Include: The absolute and relative sizes of the train, dev and test sets, your method of hyperparameter search, the number of hyperparameter configurations (budget), the metric by which you chose the best model, what the best configuration was, and the final dev and test set accuracy.

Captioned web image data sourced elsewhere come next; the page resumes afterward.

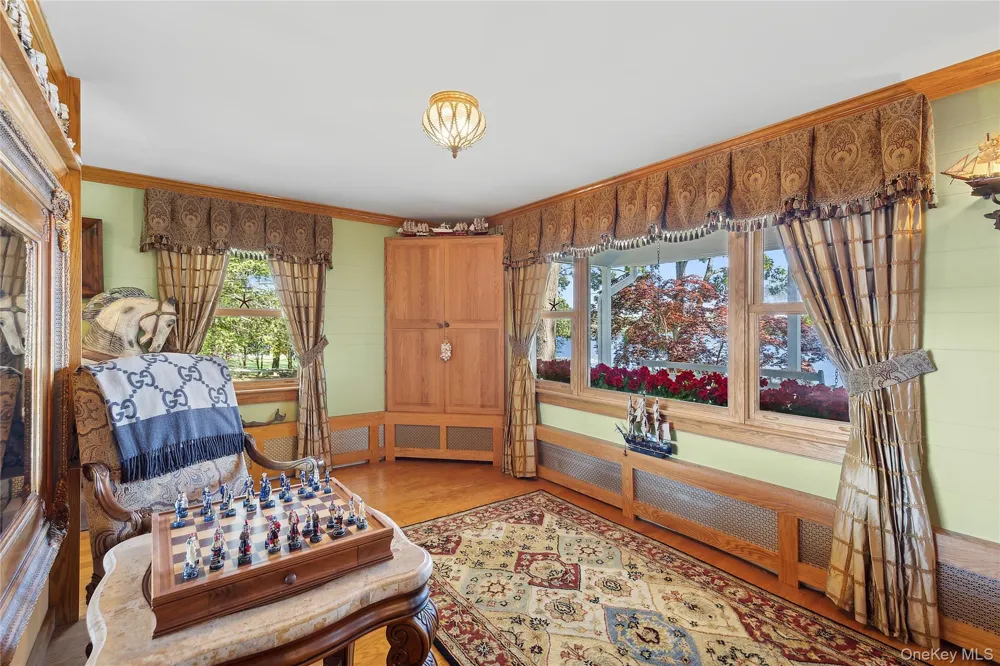 210 Redwood Road Sag Harbor, NY 11963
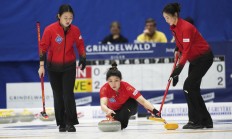 中国女子冰壶队世锦赛夺铜直通冬奥会
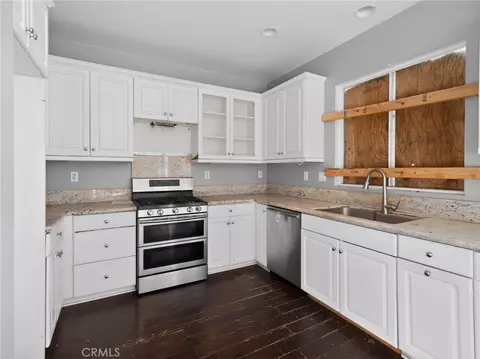 Kitchen - 600 Freeport, Oxnard, CA 93035 photo 2 of 3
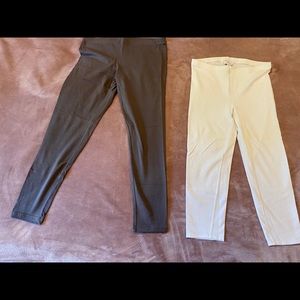 2 pairs of leggings medium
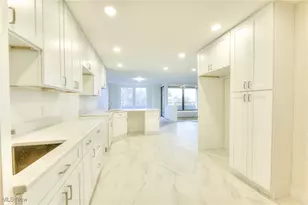 2 Bratenahl Pl, Bratenahl, OH 44108 - Photo 8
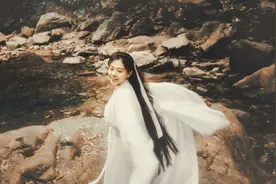 旧版《倚天屠龙记》第五十五回 秘道练功图片
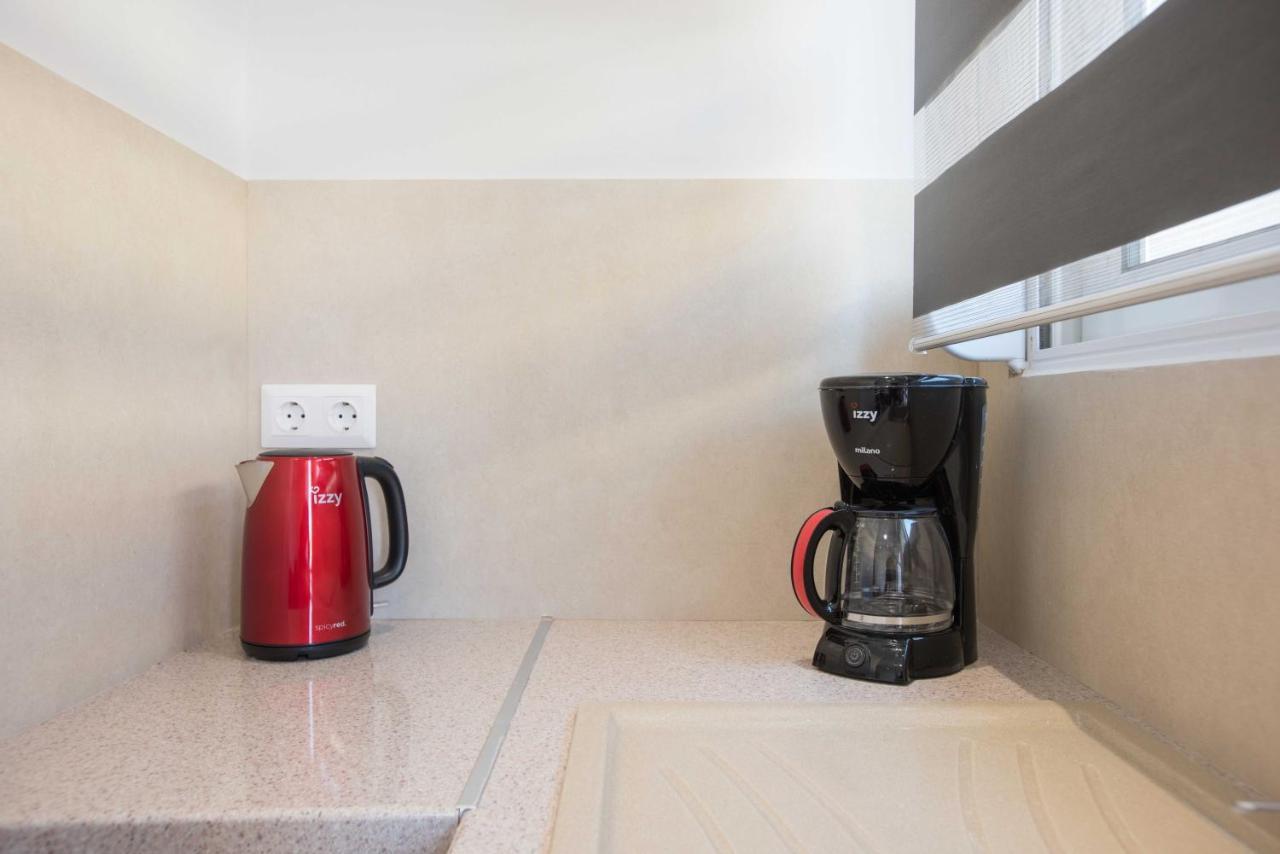 Comfy Central 1 Bedroom Apt With Terrace And View イラクリオン エクステリア 写真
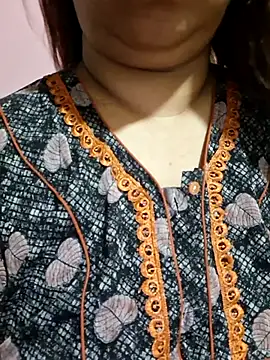 Ravina patil1 online show from March 31, 8:00 pm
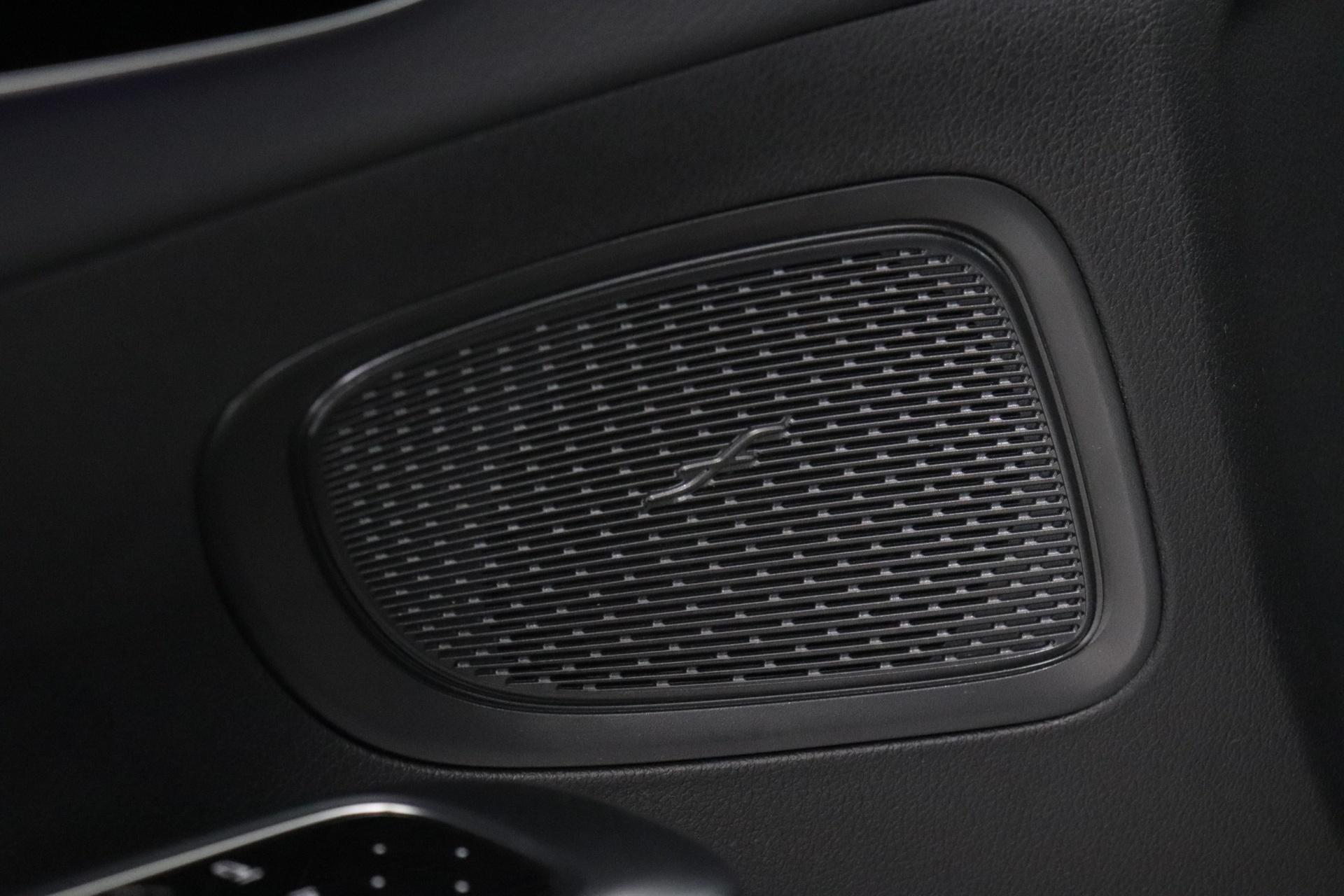 MERCEDES-BENZ C 2022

**EXAMPLE:** We trained on 203 sentences, evaluated our hyperparameters on 38 sentences, and used 29 sentences as our test set. We created hyperparameter configurations by random sampling from the following ranges: embedding_dim (16, 32, 64, 128), hidden size (16, 32, 64, 128), batch size (8, 16, 32, 64), optimizer (adamW, adagrad, SGD, adadelta), learning rate (0.01, 0.05, 0.1), weight decay (0.0, 0.01, 0.05), dropout (0.0, 0.2, 0.4) -- furthermore, we optimized the number of epochs by early stopping. Our metric for choosing the best model was development set accuracy. The best configuration was: embedding dim 64, hidden size 32, batch size 8, optimizer adamW, learning rate 0.05, weight decay 0.05, dropout 0.2; and the final development and test accuracies were 0.8728 and 0.8677 respectively.